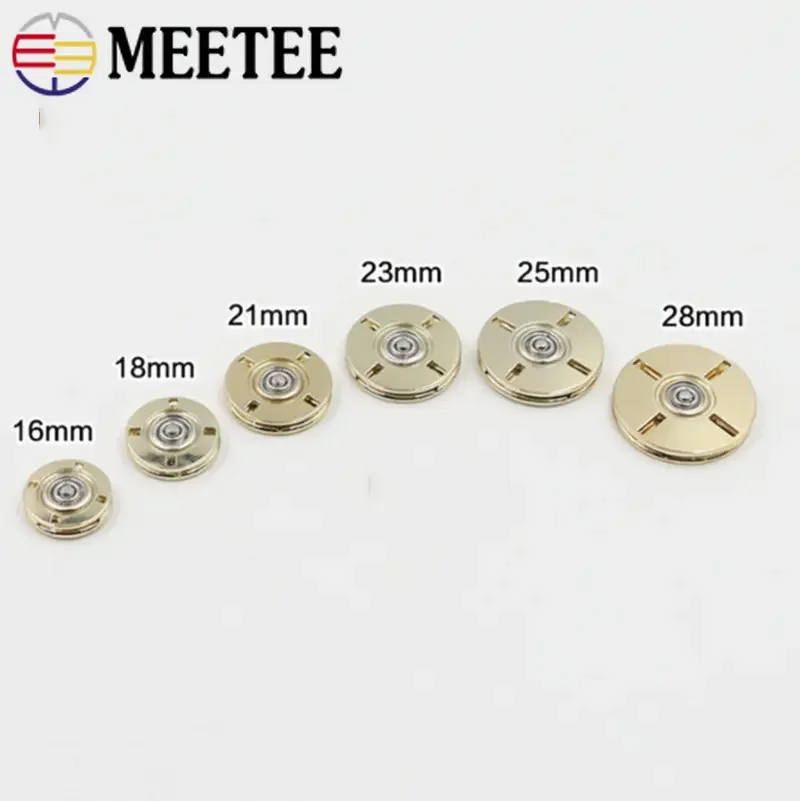 Meetee 10sets 10-25mm Metal Snap Buttons Invisible Fastener Press Button Clasp Coat Down Jacket DIY Garment Sewing Accessories 3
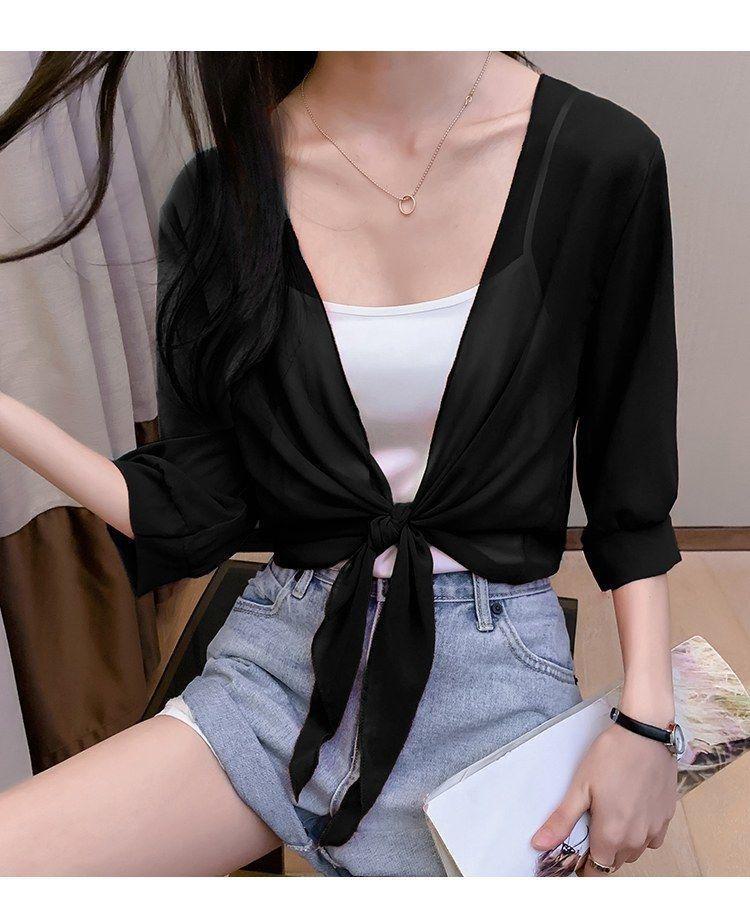 

Літня шифонова спідниця на бретелях з шаллю та кардиганом для захисту від сонця One Size чорний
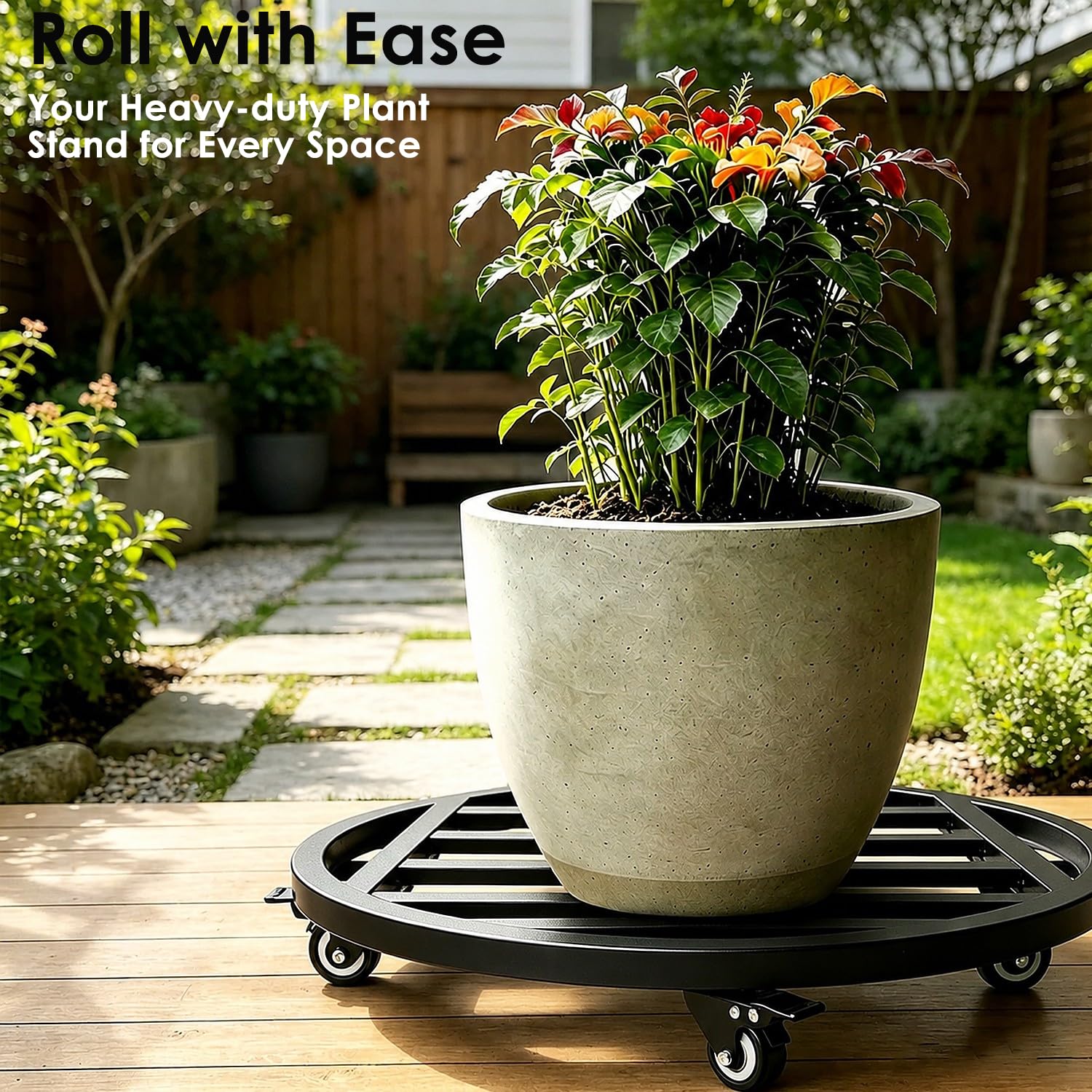 Hongsane plant caddy on patio with planter showing outdoor-ready, weatherproof benefit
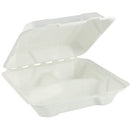 Eco Guardian 9" x 9" x 3" 3-Compartment Fibre Hinged Lid Containe EGNC032R2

#### Activity
Copy out, with no pictures, the lines from the one containing "Літня шифонова спідниця" through the last line of the data above, both ends included and each word unchanged.

#### Exercise response
Літня шифонова спідниця на бретелях з шаллю та кардиганом для захисту від сонця One Size чорний
 Hongsane plant caddy on patio with planter showing outdoor-ready, weatherproof benefit
 Eco Guardian 9" x 9" x 3" 3-Compartment Fibre Hinged Lid Containe EGNC032R2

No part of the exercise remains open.